- _The data_:
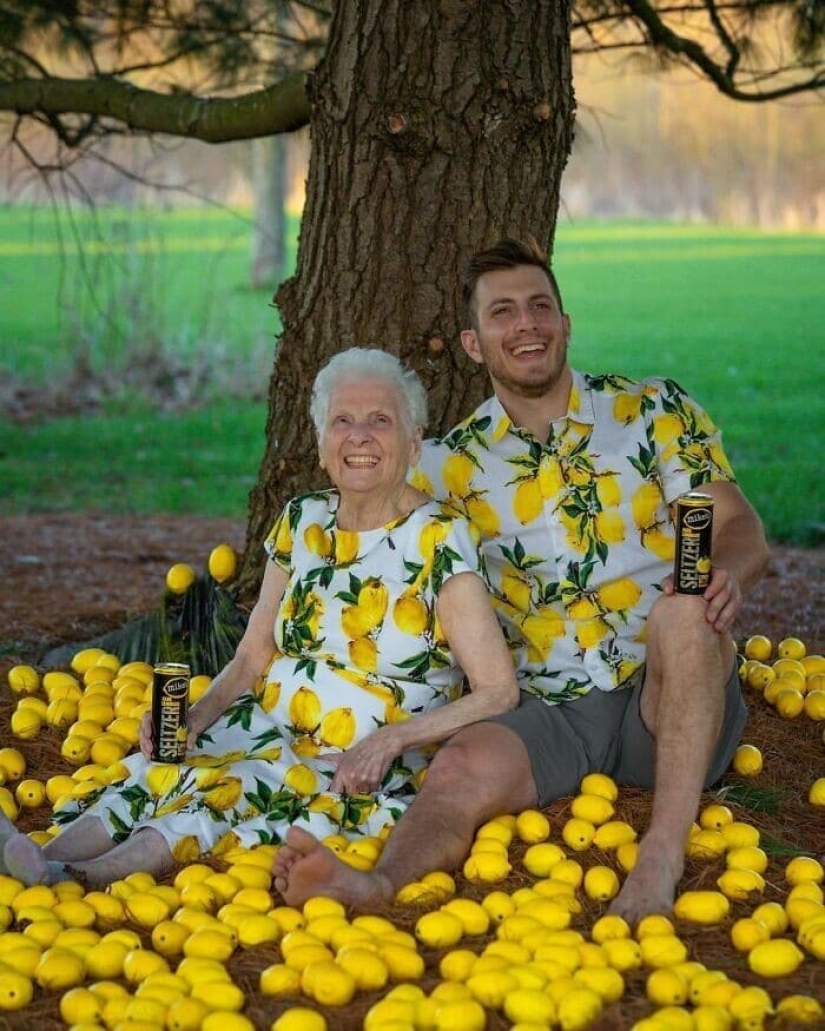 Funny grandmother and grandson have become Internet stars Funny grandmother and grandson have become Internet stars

* * *

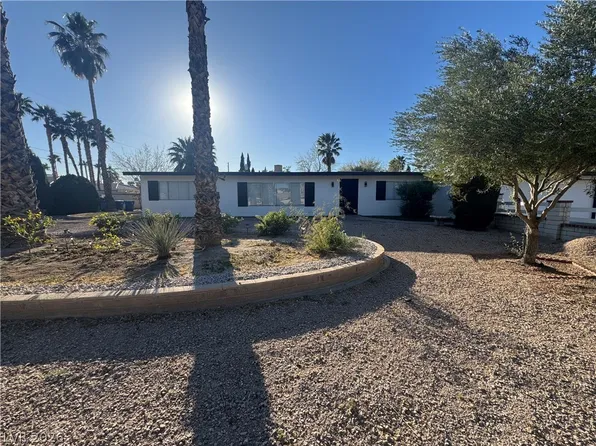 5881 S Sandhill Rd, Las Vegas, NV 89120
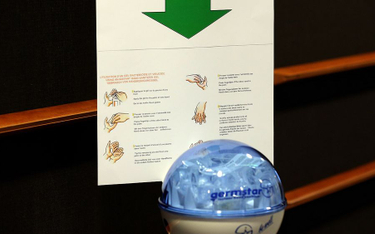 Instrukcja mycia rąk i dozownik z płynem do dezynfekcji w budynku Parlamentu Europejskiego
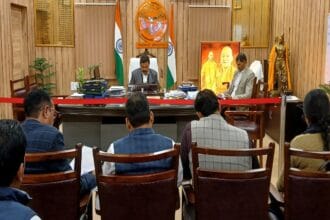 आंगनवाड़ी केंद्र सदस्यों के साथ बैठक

- _What is being asked_:
Starting at the line that contains "5881 S Sandhill Rd, Las Vegas, NV 89120" and ending at the line that contains "आंगनवाड़ी केंद्र सदस्यों के साथ बैठक", transcribe the material above exactly, excluding pictures.

- _Solution for this exercise_:
 5881 S Sandhill Rd, Las Vegas, NV 89120
 Instrukcja mycia rąk i dozownik z płynem do dezynfekcji w budynku Parlamentu Europejskiego
 आंगनवाड़ी केंद्र सदस्यों के साथ बैठक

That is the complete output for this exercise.